Edit For every $u$ in $(0,1)$ and every $k\geqslant1$, $\mathrm E(u^{S_k})=\sum\limits_{n\geqslant1}\mathrm P(S_k=n)u^n$ by definition of the generating function. Summing this over $k$ and using the fact that every term is nonnegative hence the order of the summations does not change the result, one gets $ t(u)=\sum_{k\geqslant1}\sum_{n\geqslant1}\mathrm P(S_k=n)u^n=\sum_{n\geqslant1}u^n\sum_{k\geqslant1}\mathrm P(S_k=n)=\sum_{n\geqslant1}x(n)u^n. $ Hence, each $x(n)$ is the coefficient of $u^n$ in the series expansion of $t(u)$.

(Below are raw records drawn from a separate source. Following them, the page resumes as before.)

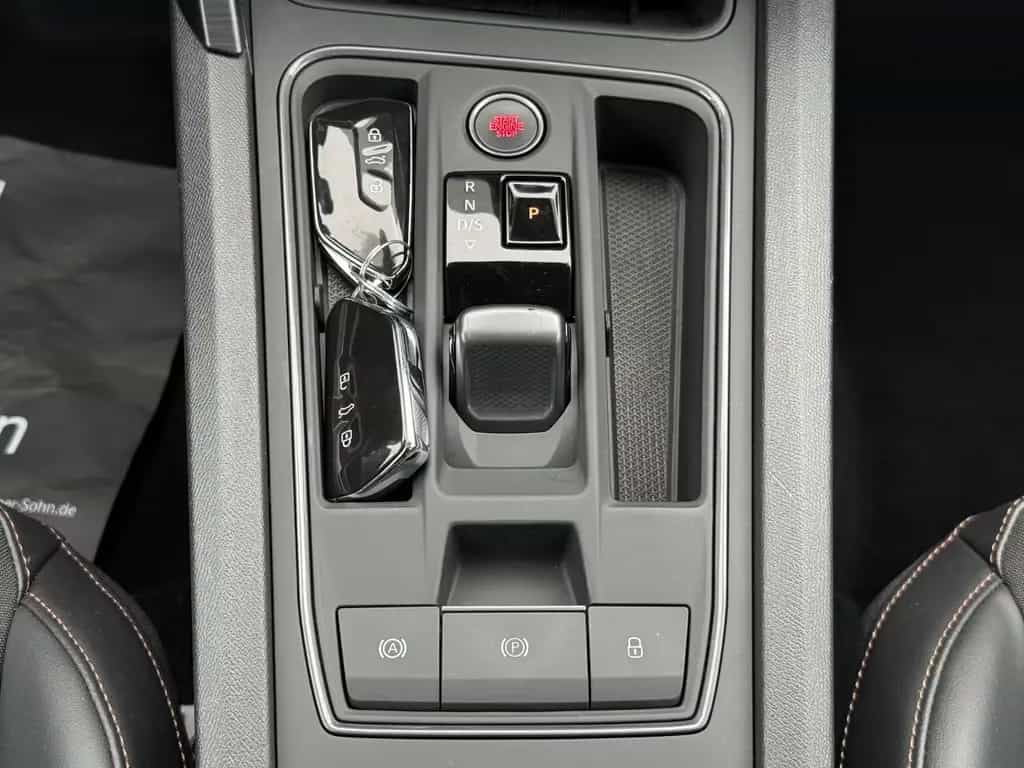 Cupra Formentor e-Hybrid,18-Zoll,R-Kamera,CarPlay,3-Zo 12/2023-photo-35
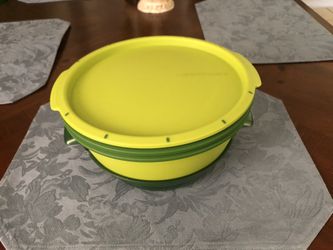 Tupperware Microwave Steamer
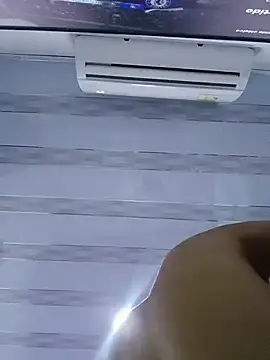 Stripchat Watch Live Sex Cams of Liancy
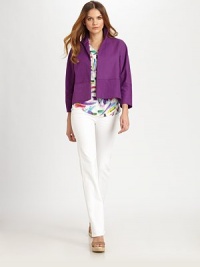 Well-placed seams add an interesting touch to this relaxed-fit design for an ultra-chic look.Collar neckThree-quarter sleevesHook-and-eye closureAbout 22 from shoulder to hem53% cotton/47% linenDry cleanImported Model shown is 5'10 (177cm) wearing US size 4. Well-placed seams add an interesting touch to this relaxed-fit design for an ultra-chic look.Collar neckThree-quarter sleevesHook-and-eye closureAbout 22 from shoulder to hem53% cotton/47% linenDry cleanImported Model shown is 5'10 (177cm) wearing US size 4.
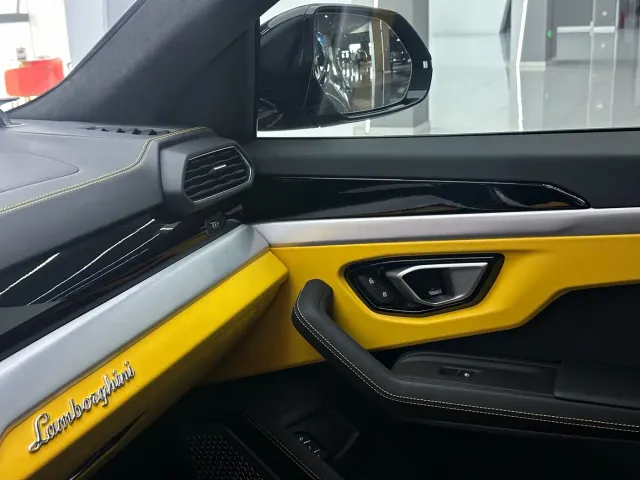 Lamborghini Urus — Фото автомобиля 29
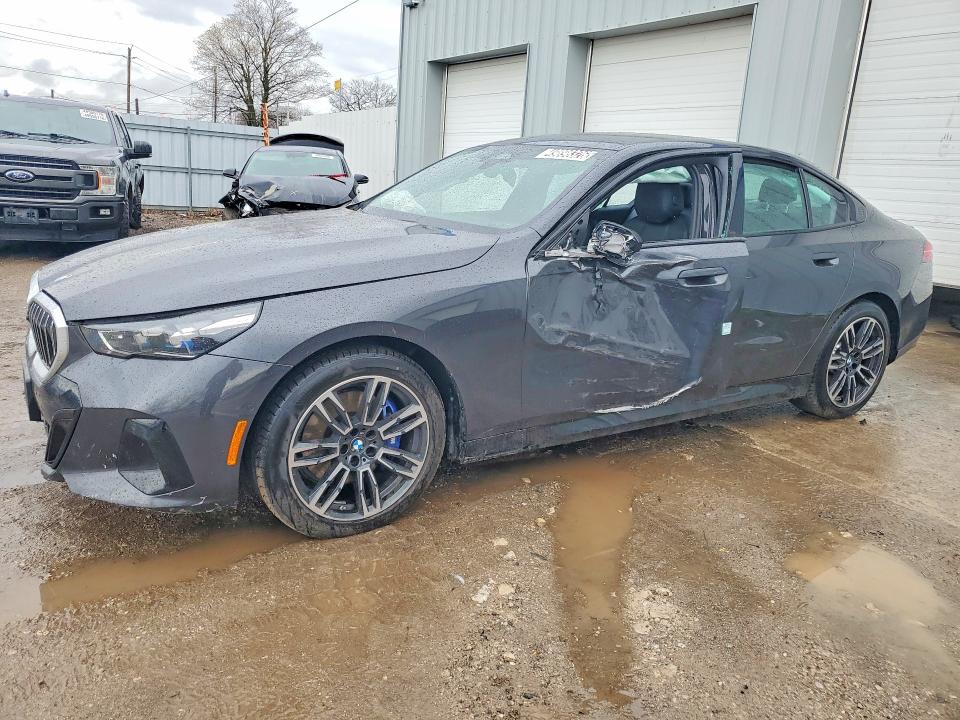 2026 Bmw 530 მანქანა იყიდება აუქციონზე, vin: WBA53FJ01TCW43276, აუქციონის ნომერი: 49898326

Now, here is an elementary computation: for every $X$ distributed like the random variables $X_k$, $\mathrm E(u^X)=g(u)$ with $ g(u)=\sum_{k\geqslant1}p(1-p)^{k-1}u^k=pu\sum_{k\geqslant0}((1-p)u)^k=\frac{pu}{1-(1-p)u}. $ Since $S_k$ is the sum of $k$ independent copies of $X$, $\mathrm E(u^{S_k})=g(u)^k$ for every $k\geqslant1$. Summing this over $k$, one gets $ t(u)=\sum_{k\geqslant1}g(u)^k=\frac{g(u)}{1-g(u)}. $ An elementary computation yields $\frac{g(u)}{1-g(u)}=\frac{pu}{1-u}$ hence $t(u)=\sum\limits_{n\geqslant1}pu^n. $ By identification, $x(n)=p$ for every $n\geqslant1$.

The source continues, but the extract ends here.